Wednesday, June 10, 2009

SAP reshapes strategy for online software

SAP reshapes strategy for online software
By Richard Waters in San Francisco

Published: June 10 2009 00:09 | Last updated: June 10 2009 00:09

A top executive at SAP is set to outline a new strategy on Wednesday for delivering software over the internet, as the German software group struggles to respond to a market that poses a significant long-term threat to its business.

The early pace in the market for on-demand software, also known as “software-as-a-service”, has been set by newcomers such as Salesforce.com, which normally charge a monthly subscription fee for customers to access their software over the internet.
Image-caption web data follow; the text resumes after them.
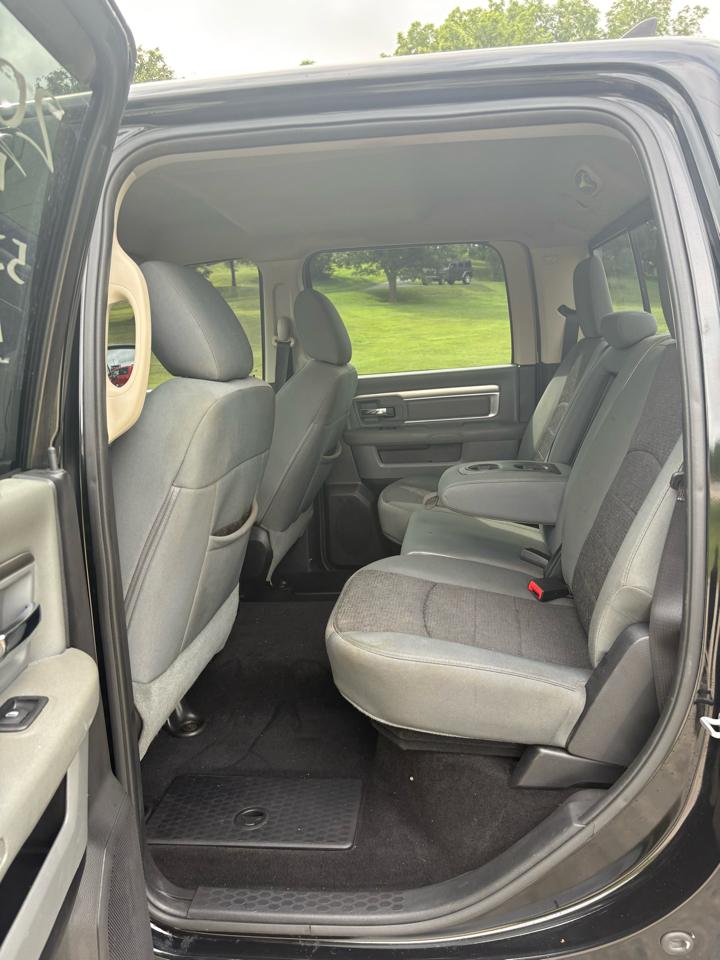 RAM 1500 4WD Crew Cab 140.5" Big Horn 2014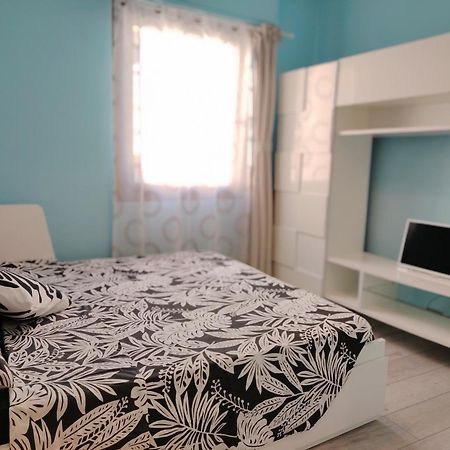 Holiday House Savona Kültér fotó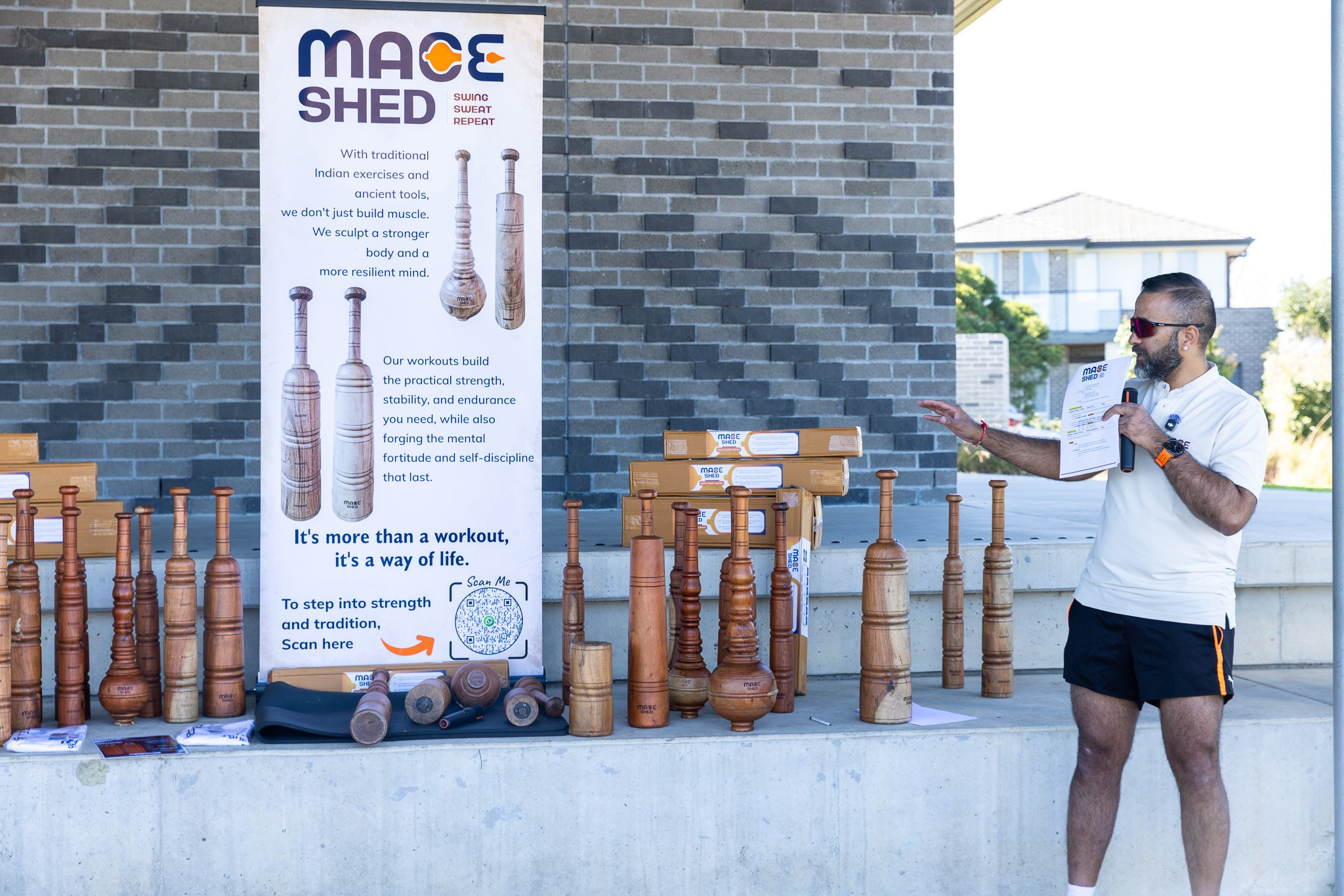 Mace 1st year Anniversary. MHCreative is family-oriented photographer based in SYDNEY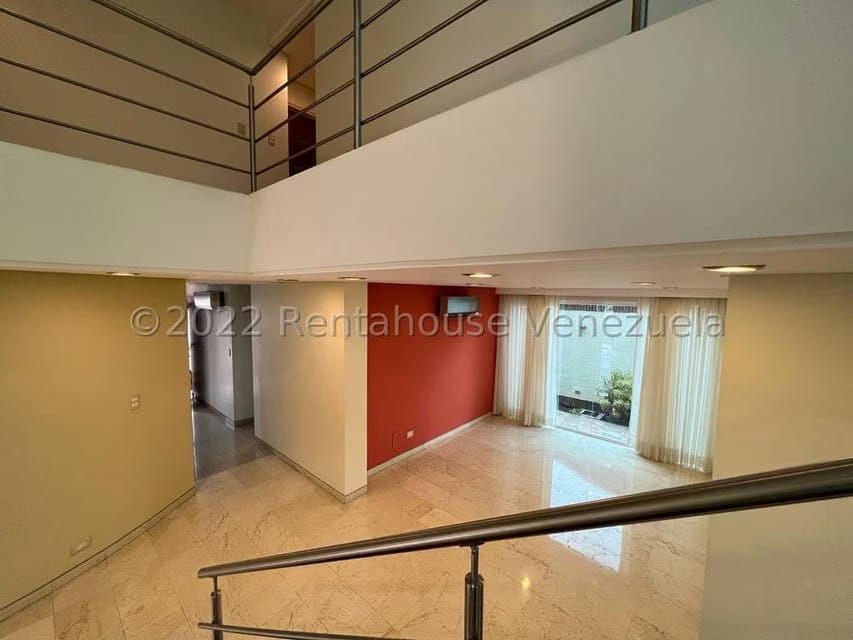 Casa (Duplex) en Venta en Colinas de Bello Monte, Distrito Metropolitano - 27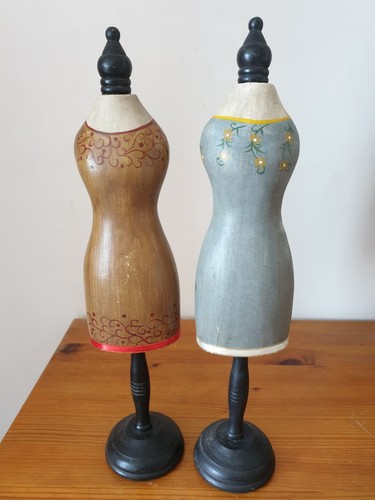 Deux mannequins bustiers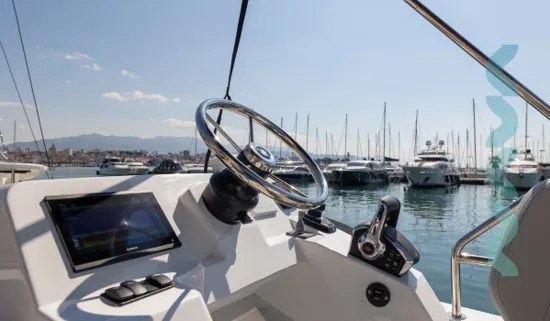 antares-11-fly-flybridge-upravljačka-postaja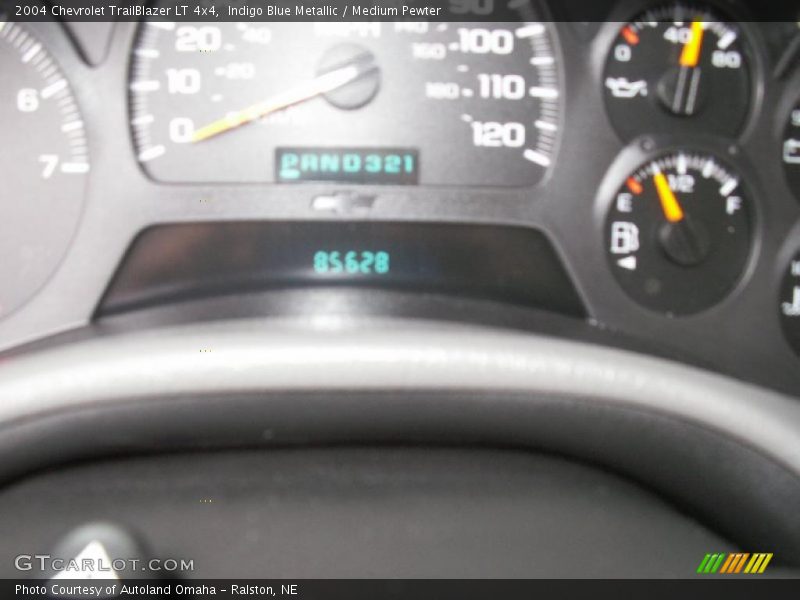 Indigo Blue Metallic / Medium Pewter 2004 Chevrolet TrailBlazer LT 4x4
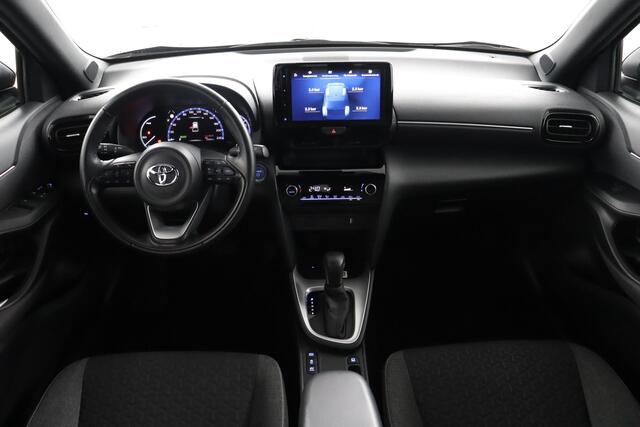 Toyota YARIS Cross 1.5 Hybrid Dynamic | Trekhaak | Parkeer sensoren | Navigatie |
Speaking at a conference in Amsterdam on Wednesday, John Wookey, who is driving SAP’s on-demand software push, will outline a new approach that ties the company’s online services far more tightly to its traditional software.

“Until John got there, there was no strategy,” said Bruce Richardson, an analyst at AMR Research in Boston.

“It’s absolutely essential for SAP – if they don’t make a viable play in the on-demand world, they will be completely overwhelmed by it,” said Josh Greenbaum, an analyst at Enterprise Applications Consulting.

SAP’s first home-grown attempts to respond to the on-demand software revolution have failed to gain much traction. An online service for salespeople to manage customer relationships, rivalling Sales-eforce.com, has gained only “a couple of dozen customers” in its first three years, said Mr Wookey, though he said SAP was pressing ahead with a redesigned service.

Meanwhile, Business By Design, a full suite of online applications aimed at medium-sized companies, which represents one of SAP’s biggest investments in recent years, has faced teething problems that have forced a protracted delay in its launch, and executives admit that their initial plans were over-ambitious.

Acquisitions, including of software maker Business Objects, have since taken SAP’s number of on-demand customers above 1,000 and provided the foundation for it to lay out a broader strategy in the area, Mr Wookey said in an interview.

The German company’s new approach will be to integrate its online services far more closely with its traditional business software, in a hybrid model that tries to take advantage of the big installed base of SAP’s business applications.

Customers will be able to mix online services and traditional software without running into the sort of problems that currently bedevil the software-as-a-service business, such as balkanising a company’s data by holding it in different systems, said Mr Wookey.

“It’s a problem that only we at SAP can solve,” he added.

The simplicity of this hybrid approach is likely to have a big appeal to corporate technology departments, said Mr Richardson.

Mr Wookey also outlined a vision that would eventually see SAP open up its technology to allow other developers to build on-demand services that would tie into its software.

This more open approach represented “a bit of a cultural shift at SAP”, he added.

“It’s a big shift for any company to open up in that way,” said Mr Greenbaum. “They get it, they want to do it, it’s taking a little time to turn the tanker.”